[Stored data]
-----
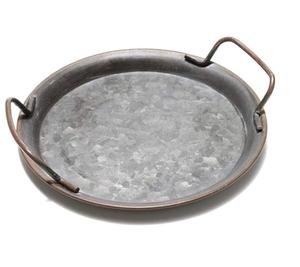 Plateau de service en métal galvanisé rond fait à la main de luxe avec poignées plateau de nourriture d'ustensiles de cuisine de maison de meilleure qualité - Product Image 4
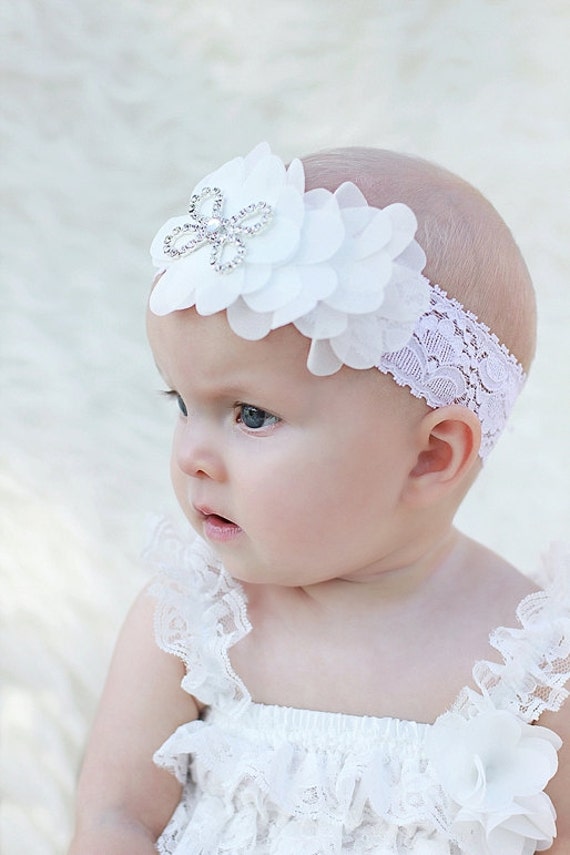 white infant headband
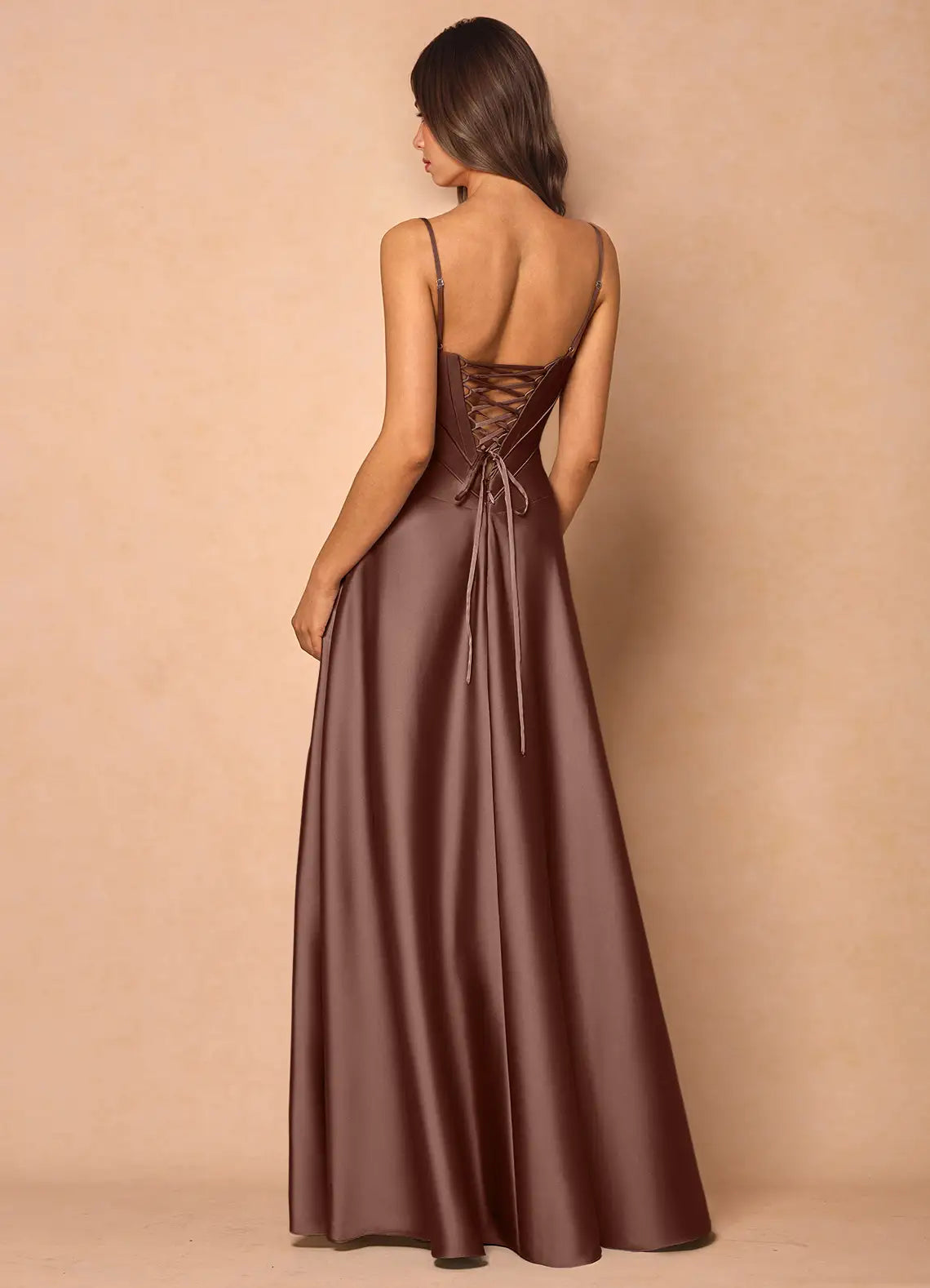 Chocolate Brown A-Line Sweetheart Lace Lace-Up Back Floor-Length Wedding Dress - Yihuiw by Yihuiw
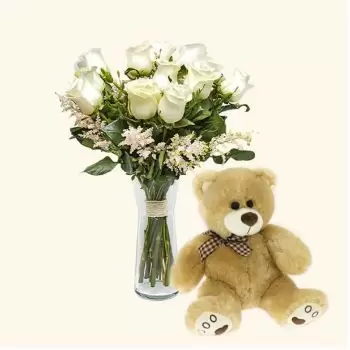 Fuengirola-virágok- Csomag 12 fehér rózsa + Teddy mackó Virág Szállítás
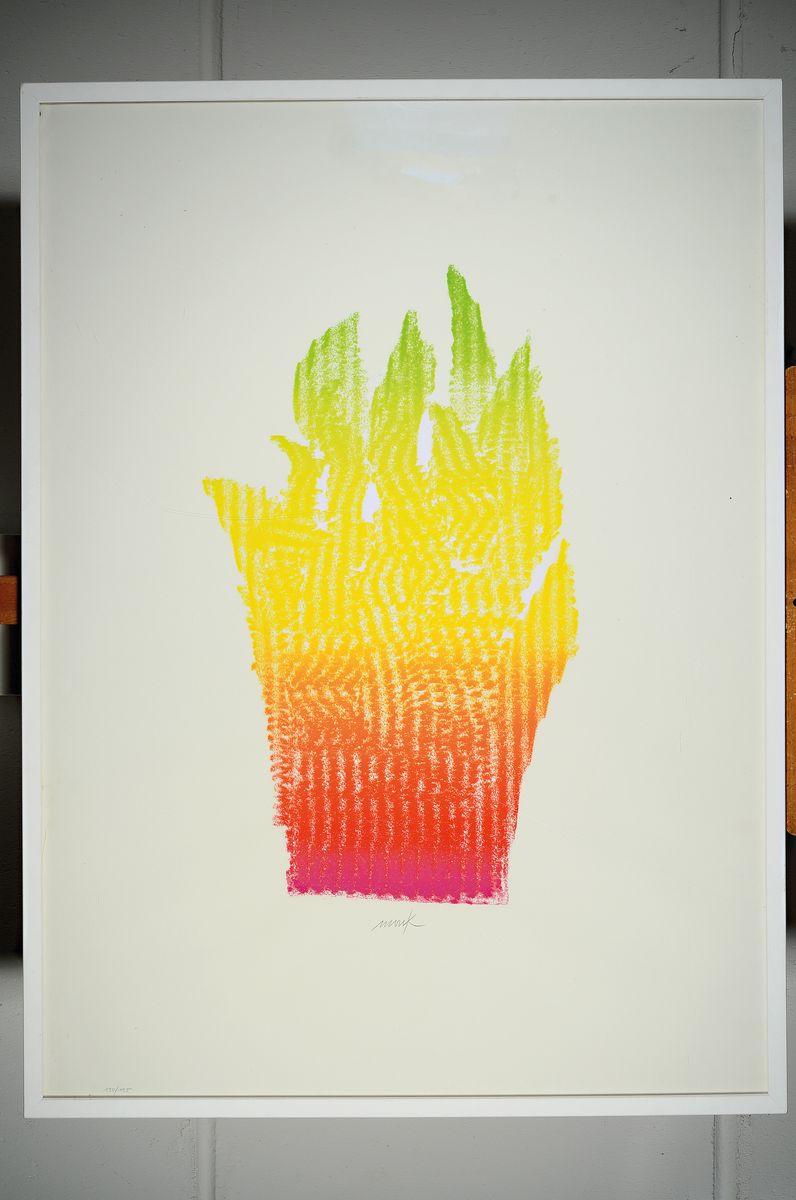 Detail k: Heinz Mack, geb. 1931, Siebdruck auf Büttenpapier, das riesige Blatt ist handsigniert und nummeriert 130/190, aus dem Jahre 1981, 106 x 78 cm, ...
-----
Work task => Excluding all pictures, print exactly and only the lines from the line with "white infant headband" through the end of the records above, both ends included.

Exercise response =>
 white infant headband
 Chocolate Brown A-Line Sweetheart Lace Lace-Up Back Floor-Length Wedding Dress - Yihuiw by Yihuiw
 Fuengirola-virágok- Csomag 12 fehér rózsa + Teddy mackó Virág Szállítás
 Detail k: Heinz Mack, geb. 1931, Siebdruck auf Büttenpapier, das riesige Blatt ist handsigniert und nummeriert 130/190, aus dem Jahre 1981, 106 x 78 cm, ...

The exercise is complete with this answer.